**THE TASK**
Repeat the stretch of entries below from the line with "A balcony with a white" through the line with "A relaxed full-body". Include both ends and add nothing.

**LISTED ENTRIES**

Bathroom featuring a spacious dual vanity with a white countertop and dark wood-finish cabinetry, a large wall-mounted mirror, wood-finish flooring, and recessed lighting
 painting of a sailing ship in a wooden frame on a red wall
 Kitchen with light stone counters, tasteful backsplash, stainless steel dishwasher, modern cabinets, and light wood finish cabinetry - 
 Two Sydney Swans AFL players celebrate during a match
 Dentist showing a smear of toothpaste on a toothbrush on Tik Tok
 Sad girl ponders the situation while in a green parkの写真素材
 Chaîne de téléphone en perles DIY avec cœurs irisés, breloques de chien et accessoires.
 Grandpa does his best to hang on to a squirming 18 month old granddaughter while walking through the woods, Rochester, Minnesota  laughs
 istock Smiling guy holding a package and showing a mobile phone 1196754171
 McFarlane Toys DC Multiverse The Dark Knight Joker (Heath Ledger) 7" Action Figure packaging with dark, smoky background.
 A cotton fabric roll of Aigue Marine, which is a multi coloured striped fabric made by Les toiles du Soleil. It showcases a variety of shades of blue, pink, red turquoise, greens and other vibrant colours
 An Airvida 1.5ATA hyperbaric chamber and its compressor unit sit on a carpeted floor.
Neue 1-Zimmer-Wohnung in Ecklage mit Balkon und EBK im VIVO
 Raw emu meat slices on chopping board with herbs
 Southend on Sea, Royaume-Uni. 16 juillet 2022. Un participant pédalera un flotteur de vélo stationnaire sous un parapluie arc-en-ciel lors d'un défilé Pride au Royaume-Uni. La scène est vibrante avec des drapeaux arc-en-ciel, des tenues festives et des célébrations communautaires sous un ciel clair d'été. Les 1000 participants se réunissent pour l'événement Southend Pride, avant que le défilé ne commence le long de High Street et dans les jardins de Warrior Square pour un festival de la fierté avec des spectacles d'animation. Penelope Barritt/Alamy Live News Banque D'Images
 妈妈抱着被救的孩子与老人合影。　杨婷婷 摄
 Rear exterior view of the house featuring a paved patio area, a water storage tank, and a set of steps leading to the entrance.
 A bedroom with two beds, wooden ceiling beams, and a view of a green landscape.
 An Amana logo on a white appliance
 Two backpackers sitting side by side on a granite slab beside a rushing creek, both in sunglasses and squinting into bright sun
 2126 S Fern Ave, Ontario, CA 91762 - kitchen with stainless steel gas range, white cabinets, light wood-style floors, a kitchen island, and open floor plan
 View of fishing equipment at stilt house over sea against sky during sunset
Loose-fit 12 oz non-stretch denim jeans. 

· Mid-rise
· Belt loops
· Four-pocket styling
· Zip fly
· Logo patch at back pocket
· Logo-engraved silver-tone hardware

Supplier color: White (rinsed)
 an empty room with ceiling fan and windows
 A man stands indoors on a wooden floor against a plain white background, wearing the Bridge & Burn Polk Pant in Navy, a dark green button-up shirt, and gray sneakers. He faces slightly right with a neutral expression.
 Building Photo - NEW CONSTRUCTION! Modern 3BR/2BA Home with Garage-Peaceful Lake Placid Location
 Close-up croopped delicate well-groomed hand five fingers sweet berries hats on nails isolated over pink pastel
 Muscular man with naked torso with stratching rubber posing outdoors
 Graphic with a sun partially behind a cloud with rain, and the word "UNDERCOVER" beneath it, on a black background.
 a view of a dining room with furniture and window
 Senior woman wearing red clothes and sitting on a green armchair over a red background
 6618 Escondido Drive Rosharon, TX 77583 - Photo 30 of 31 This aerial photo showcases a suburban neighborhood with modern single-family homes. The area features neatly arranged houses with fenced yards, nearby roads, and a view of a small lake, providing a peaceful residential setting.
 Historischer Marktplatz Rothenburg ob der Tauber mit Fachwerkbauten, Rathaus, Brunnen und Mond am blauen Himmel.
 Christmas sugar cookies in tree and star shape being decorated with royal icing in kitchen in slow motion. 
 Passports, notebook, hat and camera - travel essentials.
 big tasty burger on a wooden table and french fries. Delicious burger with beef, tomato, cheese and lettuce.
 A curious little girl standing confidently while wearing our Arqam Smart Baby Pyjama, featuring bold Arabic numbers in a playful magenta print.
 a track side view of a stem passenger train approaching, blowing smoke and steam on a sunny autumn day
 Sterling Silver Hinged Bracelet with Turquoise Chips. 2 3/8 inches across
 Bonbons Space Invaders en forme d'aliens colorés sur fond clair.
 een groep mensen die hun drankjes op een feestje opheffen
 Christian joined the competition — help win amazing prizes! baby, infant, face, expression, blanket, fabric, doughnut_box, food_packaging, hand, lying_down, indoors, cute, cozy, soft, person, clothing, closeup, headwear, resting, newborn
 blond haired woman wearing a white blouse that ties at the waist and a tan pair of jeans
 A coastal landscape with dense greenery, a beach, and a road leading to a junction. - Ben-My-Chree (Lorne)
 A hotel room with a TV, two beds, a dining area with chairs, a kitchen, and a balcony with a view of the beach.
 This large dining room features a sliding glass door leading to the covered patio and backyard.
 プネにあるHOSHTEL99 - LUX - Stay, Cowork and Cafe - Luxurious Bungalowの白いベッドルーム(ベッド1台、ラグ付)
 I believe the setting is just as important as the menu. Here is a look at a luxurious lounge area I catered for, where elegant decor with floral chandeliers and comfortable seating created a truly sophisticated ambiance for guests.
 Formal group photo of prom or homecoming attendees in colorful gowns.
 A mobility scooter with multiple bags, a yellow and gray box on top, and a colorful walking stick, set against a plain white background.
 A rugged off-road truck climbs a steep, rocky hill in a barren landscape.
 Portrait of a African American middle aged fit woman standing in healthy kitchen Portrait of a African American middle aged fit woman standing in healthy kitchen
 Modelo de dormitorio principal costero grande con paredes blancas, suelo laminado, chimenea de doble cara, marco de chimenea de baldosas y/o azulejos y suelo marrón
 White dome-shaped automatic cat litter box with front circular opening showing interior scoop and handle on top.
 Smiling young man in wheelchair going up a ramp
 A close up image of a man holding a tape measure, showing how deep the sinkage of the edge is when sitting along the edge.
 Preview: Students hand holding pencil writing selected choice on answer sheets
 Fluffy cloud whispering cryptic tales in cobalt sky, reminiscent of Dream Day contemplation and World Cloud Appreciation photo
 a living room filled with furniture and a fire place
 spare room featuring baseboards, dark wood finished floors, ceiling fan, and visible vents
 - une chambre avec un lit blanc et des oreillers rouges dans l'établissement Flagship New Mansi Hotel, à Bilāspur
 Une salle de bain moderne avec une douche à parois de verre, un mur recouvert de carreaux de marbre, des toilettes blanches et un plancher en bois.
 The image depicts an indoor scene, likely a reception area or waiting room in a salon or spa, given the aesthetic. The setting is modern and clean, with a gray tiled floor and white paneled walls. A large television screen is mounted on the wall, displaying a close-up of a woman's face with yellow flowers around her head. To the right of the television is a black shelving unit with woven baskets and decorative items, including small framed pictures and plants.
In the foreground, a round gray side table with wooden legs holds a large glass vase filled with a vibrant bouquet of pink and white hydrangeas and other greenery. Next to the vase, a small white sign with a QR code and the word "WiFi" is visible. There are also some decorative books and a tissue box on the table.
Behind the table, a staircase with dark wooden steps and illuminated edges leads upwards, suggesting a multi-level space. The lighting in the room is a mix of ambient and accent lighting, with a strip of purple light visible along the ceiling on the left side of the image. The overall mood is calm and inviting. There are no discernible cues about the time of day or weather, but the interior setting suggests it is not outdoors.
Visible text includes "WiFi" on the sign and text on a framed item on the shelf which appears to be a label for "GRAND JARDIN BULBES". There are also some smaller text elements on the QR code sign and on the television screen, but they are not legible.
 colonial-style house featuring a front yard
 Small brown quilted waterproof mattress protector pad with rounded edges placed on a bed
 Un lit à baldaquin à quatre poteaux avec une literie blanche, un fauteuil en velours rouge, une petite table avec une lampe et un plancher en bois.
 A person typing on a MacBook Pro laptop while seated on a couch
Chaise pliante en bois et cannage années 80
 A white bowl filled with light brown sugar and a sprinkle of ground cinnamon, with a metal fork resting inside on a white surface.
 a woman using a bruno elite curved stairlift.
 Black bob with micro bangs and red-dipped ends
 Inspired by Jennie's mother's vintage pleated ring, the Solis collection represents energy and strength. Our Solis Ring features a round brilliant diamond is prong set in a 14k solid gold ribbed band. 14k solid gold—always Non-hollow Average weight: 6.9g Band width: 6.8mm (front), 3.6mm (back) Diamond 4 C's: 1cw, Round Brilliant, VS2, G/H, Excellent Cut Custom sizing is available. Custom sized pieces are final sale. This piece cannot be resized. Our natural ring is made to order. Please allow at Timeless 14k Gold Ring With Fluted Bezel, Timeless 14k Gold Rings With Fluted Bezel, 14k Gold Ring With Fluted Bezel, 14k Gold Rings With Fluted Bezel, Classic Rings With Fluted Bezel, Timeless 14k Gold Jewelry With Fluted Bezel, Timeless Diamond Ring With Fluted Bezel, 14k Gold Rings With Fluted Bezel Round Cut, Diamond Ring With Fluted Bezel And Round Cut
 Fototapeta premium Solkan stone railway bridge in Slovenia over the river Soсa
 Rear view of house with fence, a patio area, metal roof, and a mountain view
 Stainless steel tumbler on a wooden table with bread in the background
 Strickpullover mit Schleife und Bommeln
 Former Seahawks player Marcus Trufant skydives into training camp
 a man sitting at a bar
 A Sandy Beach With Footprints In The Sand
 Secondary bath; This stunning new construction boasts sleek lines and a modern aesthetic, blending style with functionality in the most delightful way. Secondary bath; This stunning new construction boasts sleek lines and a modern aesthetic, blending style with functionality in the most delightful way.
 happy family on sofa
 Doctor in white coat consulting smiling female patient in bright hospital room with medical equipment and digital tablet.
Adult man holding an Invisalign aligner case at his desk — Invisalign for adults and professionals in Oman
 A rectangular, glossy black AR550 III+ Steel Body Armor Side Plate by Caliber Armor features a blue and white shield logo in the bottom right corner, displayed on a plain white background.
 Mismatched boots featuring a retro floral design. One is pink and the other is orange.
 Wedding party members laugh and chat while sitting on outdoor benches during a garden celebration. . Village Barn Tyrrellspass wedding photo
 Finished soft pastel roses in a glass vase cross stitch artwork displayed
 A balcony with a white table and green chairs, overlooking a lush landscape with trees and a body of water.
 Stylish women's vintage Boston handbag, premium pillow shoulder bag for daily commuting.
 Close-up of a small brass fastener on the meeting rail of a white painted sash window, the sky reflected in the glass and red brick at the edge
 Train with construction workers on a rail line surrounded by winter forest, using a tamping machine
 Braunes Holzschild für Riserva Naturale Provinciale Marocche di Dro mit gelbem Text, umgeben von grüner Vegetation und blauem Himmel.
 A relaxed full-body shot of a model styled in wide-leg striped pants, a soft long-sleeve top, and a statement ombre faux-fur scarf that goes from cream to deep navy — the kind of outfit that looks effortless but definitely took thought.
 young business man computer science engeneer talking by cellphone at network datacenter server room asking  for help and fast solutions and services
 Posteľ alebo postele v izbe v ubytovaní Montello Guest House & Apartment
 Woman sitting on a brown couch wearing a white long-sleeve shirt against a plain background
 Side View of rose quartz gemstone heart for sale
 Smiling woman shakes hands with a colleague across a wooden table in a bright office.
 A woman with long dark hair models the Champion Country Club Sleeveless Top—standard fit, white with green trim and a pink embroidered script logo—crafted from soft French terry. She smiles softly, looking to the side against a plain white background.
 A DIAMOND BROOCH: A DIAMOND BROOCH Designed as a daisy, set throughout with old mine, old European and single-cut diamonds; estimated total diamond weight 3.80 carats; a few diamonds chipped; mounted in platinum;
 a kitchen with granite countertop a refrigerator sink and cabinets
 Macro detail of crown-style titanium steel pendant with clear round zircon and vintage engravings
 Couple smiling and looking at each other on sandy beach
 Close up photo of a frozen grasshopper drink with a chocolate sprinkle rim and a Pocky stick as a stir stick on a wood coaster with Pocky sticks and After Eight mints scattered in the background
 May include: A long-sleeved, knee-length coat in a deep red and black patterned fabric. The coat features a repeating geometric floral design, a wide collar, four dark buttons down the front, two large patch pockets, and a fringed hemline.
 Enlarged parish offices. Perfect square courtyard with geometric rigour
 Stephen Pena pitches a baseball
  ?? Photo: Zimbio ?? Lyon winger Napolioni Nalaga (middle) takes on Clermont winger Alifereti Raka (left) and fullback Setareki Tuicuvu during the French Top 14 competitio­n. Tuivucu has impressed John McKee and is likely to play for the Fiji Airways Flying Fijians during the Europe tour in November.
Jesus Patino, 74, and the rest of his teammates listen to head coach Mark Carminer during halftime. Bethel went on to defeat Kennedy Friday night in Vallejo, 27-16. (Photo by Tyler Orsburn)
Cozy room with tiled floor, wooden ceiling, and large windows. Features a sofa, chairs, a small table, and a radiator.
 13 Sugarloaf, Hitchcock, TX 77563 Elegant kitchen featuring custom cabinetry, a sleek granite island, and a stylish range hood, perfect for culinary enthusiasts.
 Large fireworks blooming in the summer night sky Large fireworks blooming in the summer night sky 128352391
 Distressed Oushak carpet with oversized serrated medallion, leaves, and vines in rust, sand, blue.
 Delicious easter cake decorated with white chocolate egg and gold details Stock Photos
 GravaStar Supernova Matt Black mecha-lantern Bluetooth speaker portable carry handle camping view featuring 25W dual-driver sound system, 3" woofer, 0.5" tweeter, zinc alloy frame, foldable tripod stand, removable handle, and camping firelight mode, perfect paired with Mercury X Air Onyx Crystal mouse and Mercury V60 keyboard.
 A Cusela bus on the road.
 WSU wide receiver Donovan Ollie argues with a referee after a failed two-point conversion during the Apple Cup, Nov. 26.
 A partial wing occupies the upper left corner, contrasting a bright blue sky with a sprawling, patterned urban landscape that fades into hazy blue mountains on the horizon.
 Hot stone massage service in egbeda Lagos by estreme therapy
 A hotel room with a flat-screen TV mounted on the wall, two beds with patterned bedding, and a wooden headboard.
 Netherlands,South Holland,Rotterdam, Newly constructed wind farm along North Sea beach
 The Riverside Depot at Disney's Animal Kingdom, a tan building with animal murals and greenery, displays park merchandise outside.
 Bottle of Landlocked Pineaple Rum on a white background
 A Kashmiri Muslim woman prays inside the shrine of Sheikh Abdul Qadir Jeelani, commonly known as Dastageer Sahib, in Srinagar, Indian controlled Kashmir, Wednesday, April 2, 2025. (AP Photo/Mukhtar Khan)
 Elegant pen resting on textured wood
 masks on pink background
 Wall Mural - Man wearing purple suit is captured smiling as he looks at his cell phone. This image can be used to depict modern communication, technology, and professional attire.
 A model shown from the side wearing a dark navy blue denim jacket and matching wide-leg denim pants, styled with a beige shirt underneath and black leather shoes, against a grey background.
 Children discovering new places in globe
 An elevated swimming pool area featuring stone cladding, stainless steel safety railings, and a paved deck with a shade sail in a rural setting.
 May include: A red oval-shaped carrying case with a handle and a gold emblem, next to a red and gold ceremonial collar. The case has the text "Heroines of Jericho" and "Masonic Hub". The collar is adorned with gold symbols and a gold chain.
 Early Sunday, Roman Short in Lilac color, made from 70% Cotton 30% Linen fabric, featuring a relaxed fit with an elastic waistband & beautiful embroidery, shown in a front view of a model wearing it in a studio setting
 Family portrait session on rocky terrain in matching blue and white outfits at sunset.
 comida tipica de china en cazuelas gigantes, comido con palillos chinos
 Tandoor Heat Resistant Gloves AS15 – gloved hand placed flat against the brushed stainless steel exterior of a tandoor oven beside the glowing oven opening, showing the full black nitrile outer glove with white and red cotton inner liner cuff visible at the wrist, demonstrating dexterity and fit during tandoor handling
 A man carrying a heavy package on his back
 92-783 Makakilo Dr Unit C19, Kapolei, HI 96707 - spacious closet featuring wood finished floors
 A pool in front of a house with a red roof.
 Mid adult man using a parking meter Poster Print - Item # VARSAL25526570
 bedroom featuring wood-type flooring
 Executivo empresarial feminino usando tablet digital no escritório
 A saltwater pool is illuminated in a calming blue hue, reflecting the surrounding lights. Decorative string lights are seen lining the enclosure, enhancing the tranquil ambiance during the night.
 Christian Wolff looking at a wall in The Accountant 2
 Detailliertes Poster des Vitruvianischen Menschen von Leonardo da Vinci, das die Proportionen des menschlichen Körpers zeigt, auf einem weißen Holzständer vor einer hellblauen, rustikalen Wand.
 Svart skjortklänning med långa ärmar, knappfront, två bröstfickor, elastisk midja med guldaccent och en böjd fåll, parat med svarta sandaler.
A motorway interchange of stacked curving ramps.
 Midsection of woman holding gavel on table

**RESPONSE**
 A balcony with a white table and green chairs, overlooking a lush landscape with trees and a body of water.
 Stylish women's vintage Boston handbag, premium pillow shoulder bag for daily commuting.
 Close-up of a small brass fastener on the meeting rail of a white painted sash window, the sky reflected in the glass and red brick at the edge
 Train with construction workers on a rail line surrounded by winter forest, using a tamping machine
 Braunes Holzschild für Riserva Naturale Provinciale Marocche di Dro mit gelbem Text, umgeben von grüner Vegetation und blauem Himmel.
 A relaxed full-body shot of a model styled in wide-leg striped pants, a soft long-sleeve top, and a statement ombre faux-fur scarf that goes from cream to deep navy — the kind of outfit that looks effortless but definitely took thought.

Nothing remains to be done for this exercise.